Posts Tagged ‘Q4’
Surprise! This IBM Product Is So Hot, IBM Ran Out Of It (IBM)

IBM ran into an interesting problem last quarter. It had a product so popular, that it literally ran out of stock. But that won’t stop it from releasing the umpteenth new version of it tomorrow.
The product goes by the tongue-twisting name of the Netezza Customer Intelligence Appliance and IBM’s strategy has been to release about 100 individual versions of the product, geared for specific industries. Tomorrow, IBM will release a version for the retail industry and trot out an early user, Bass Pro Shops, the company told Business Insider.

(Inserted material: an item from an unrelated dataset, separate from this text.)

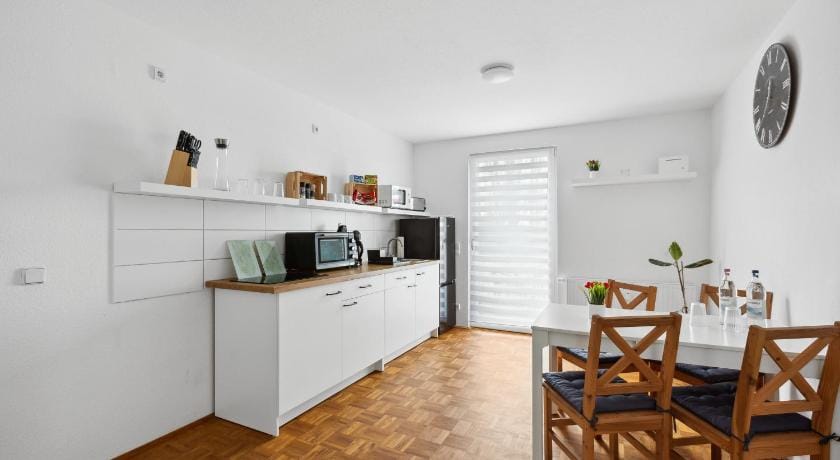 Apartment Oase for Four Apartment in Thuringia, Germany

IBM’s Netezza business grew 70 percent in the fourth quarter and on last week’s Q4 analyst call, IBM’s CFO Mark Loughridge was forced to admit that its success took the company by surprise. IBM “ran out of boxes” in the quarter he said.
Netezza Customer Intelligence Appliance is one of those “big data” products that helps enterprises analyze massive amounts of data on the fly. As an in-memory analytics appliance, it competes with SAP’s HANA and Oracle’s Oracle Exadata.
Its claim to fame is that it can sift through petabytes of data in data in minutes. A petabyte is one quadrillion bytes. Just to give some context, the appliance can analyze in minutes almost half of what the average human brain will store in a lifetime.
It’s a good thing IBM is killing it with Netezza, too. The company forked out $1.78 billion for the company in 2010.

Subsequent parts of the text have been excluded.